Una telefonata fu rivelatrice. Nel colloquio telefonico di sabato scorso, il presidente della Repubblica Kais Saied ha rincuorato il segretario di Stato americano Antony Blinken affermando che «le prossime tappe per mettere fine alla situazione emergenziale in Tunisia sono pronte». Una frase netta fatta uscire attraverso l’ennesimo comunicato su Facebook, il mezzo preferito da Saied per comunicare con il suo popolo.

Per spiegare i motivi che hanno portato il responsabile di Cartagine a congelare il parlamento, togliere l’immunità ai deputati e sciogliere il governo più di tre mesi fa, il presidente ha fatto riferimento alla situazione economica come «il vero problema».

Un dettaglio che nasconde una grande verità: in Tunisia le casse dello Stato sono quasi esaurite, i movimenti sociali hanno ripreso a manifestare per rivendicare maggiori diritti e il tempo per risolvere le storture fondanti del paese è sempre meno.

CI SONO ALMENO tre spaccati che delineano la situazione oggi nel piccolo Stato nordafricano. Il primo (e più importante) si trova nel profondo sud, a Tataouine. Qui, dopo un ultimatum di tre giorni, da sabato il sit-in di Al Kamour è tornato a rimbalzare su diversi giornali. Al Kamour è il crocevia per la poca produzione petrolifera tunisina. Da cinque anni ospita anche il più grande movimento sociale del paese dopo la rivoluzione del 2011.

Lotte e rivendicazioni che si avvicendano dal 2017 per chiedere una redistribuzione più omogenea della ricchezza prodotta dall’oro nero e un maggiore sviluppo per una delle regioni più marginalizzate del paese. Nel corso degli anni il governo ha siglato due accordi coi manifestanti di Al Kamour. Uno il 16 giugno 2017, l’altro l’8 novembre 2020. In entrambi i casi si promettevano investimenti per la popolazione locale e assunzioni nel settore petrolifero e ambientale.

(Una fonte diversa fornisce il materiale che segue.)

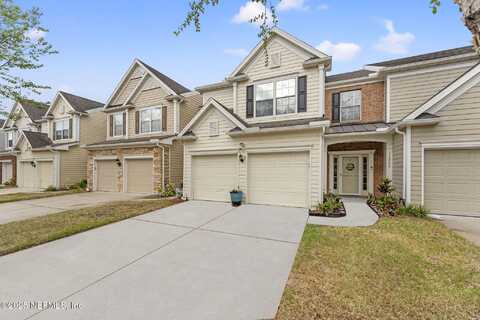 11066 CASTLEMAIN Circle, Jacksonville, FL 32256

LA SINTESI È STATA la stessa: la cessazione del sit-in in un primo momento, la ripresa delle proteste una volta appurate le disattese politiche. A più di un anno di distanza dalla firma del secondo accordo, Tataouine ha ripreso le proteste bloccando una valvola che trasporta il petrolio verso la costa e imponendo un blocco stradale in centro città su cui campeggia il ritratto di Anouar Sokrafi, il ragazzo morto investito dalla Garde Nationale nel maggio 2017 durante una protesta.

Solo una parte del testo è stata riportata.